Nearly a year ago, my Inside-Out class at the penitentiary chose to work as a group to sponsor a hygiene drive for HOME, in hopes of helping homeless teens and ultimately keeping them out of prison. We were all amazed at the generosity of the inmate population as they donated brand new bottles of shampoo, toothbrushes, deodorant, razors, and socks from their own scarce supply. As I wrote about in an earlier post, we were able to deliver more than a dozen boxes of hygiene supplies and OSU tee-shirts to the shelter. It was a great day.
The Statesman-Journal published an editorial that described our project like this:
Inderbitzin also challenged the 31 participants to “develop a small-scale, doable prevention project that we could put into action before the quarter was over…They came through in a big way,” she said. “There are a number of aspects to their project, but their main focus was to help homeless teenagers in the Salem area.”
OSU students updated a resource guide for homeless teens. These “outside” students also collected new hygiene products from inmates, prison staff members and even the OSU football team. The “inside” students collected a dozen boxes of products from the inmates and prison staffers.

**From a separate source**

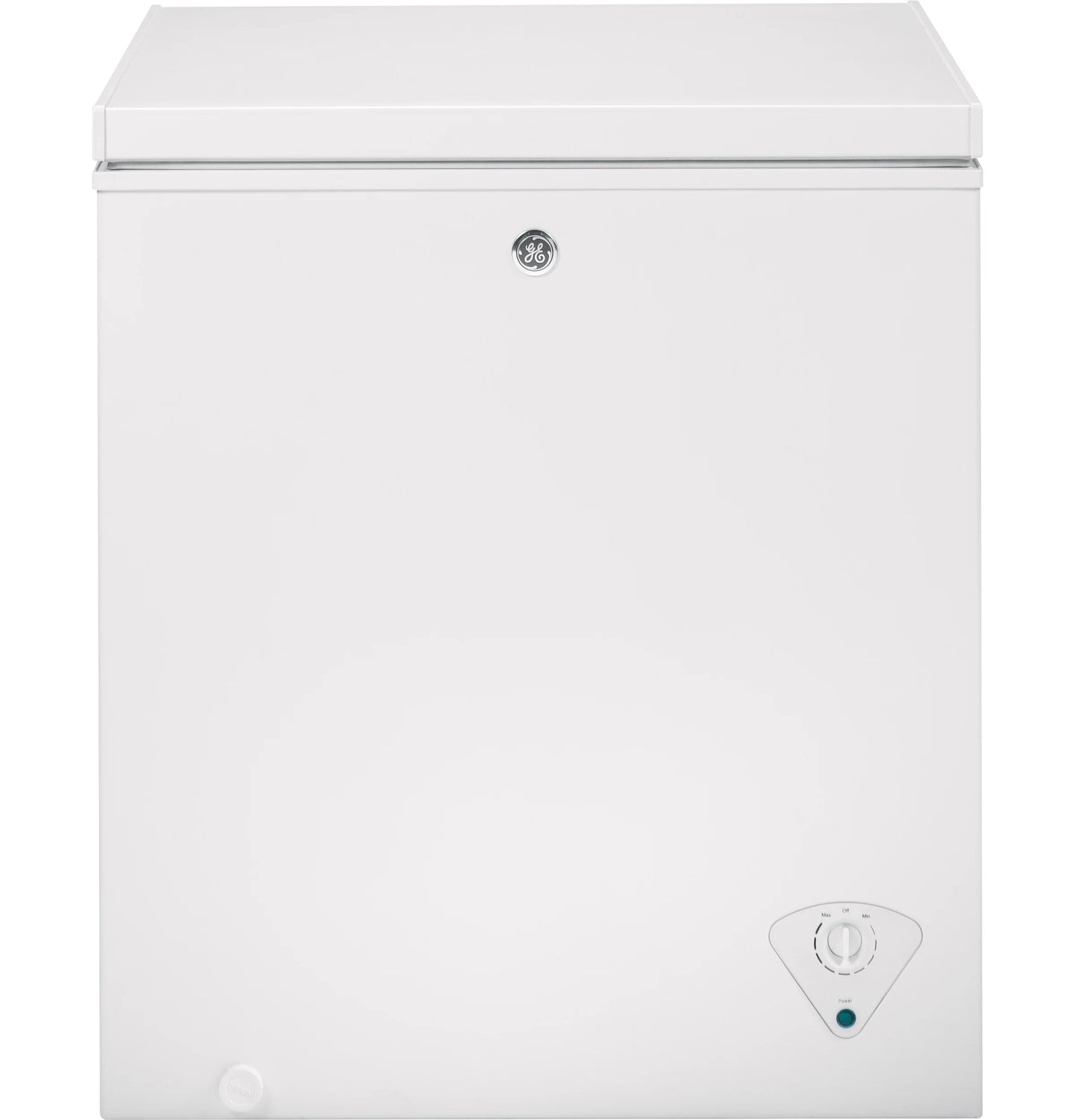 GEGE Appliances 5.1 Cu. Ft. Manual Defrost Chest Freezer White - FCM5STWW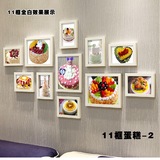 甜品蛋糕店装饰画咖啡餐厅竖版挂画面包房墙面壁画美式单幅有框画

The “outside” students delivered the items to a Salem outreach program lastweekend.
Reflecting on the project, one “inside” student said: “Our group took this challenge to heart, and although not every individual agreed on the focus, every individual gave it their best effort. I watched the effect it had, within our class and in the prison, and I’m not ashamed to admit I had misty eyes when I saw the amount of donated goods that poured in from the prisoners. With only 700 jobs — and most with a monthly salary of $50 — these men gave a big chunk of their pay to kids they don’t even know.”
I’m glad to see the guys in OSP kept working all year to help the homeless kids in Salem. It’s nice to be reminded that some good really can come out of prison.
(photo is an actual picture of the HOME center, where youth proclaim in the window that “HOME Rocks”)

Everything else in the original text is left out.